At the time of European colonization, the great adventures of exploration were only possible thanks to the issuance of loans by the great bankers of the time.

In the western United States, at the beginning of the nineteenth century, banks operated with minimal regulation. To build trust in its users, the bank was often the most solid building in the entire settlement. During the time when remote communication was done by MORSE code and the train lines forced to coordinate the schedules in remote territories.

Nowadays, the need for trust and guarantees has not changed, although the means to produce it uses current technologies.

Monitor the contribution of your technological projects to the development of the business with ITM Platform.

Entities providing financial services to private users move trillions of dollars around the world, and mainly include commercial banks and insurers. The transition to increasingly more digital users has forced this sector not only to provide online banking services, but to give access to those same services in mobile applications.

The pressure on banking to modernize its IT systems

And it's not just about designing an attractive and useful online banking application.

A commercial banking mobile application is only possible as a result of dozens of different projects, such as:

  • Making remittances to other banking entities
  • Secure authentication system with fingerprint
  • Account management, with recovery of historical information and permanent updating of the latest movements
  • GPS navigation to find the nearest cashier or office
  • Viewing of information

All this does not take into account all the technological infrastructure with which the online banking application must be connected in order to be launched, nor the legal and compliance obligations to which this type of operations are subject, including the protection of data during its recovery , treatment, storage and communication.

Competition is fierce: according to a Ernst & Young report launched in 2016, in most surveyed countries, the general public relies more on mobile banking services from supermarket chains or digital home banking to traditional banks' online banking applications .

If these projects were not managed in a coordinated way, it would be impossible to guarantee the service. What's more, it would be crazy to think that it would work at the time of launch. That is why every financial services company needs to manage its projects in a coordinated manner.

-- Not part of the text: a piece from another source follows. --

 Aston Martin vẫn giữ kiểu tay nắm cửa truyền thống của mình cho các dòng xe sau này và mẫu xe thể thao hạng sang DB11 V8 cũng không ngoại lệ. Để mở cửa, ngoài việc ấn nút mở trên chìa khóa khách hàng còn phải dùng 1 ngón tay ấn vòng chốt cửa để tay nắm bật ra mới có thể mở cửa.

That means that, without addressing all the implications and connections between the new application and existing systems, and without coordinating projects based on these connections, at some point we will find this message when we open our online personal banking application:

"We are experiencing some technical difficulties. Apologies for the inconvenience."

If we reach this outcome, coordination has failed. Meaning having to abandon the project management to deal with the crisis.

The message has as many causes and variations: login problems, failure to update data, procedural problems.

However, the result is the same: loss of customers and reputation.

That is why, for the organizations that manage to coordinate their projects, competitive advantages immediately ensue. In addition, attracted by a comforting user experience, new customers arrive in flocks. The most robust building in the city has been erected, perfectly visible on every mobile screen.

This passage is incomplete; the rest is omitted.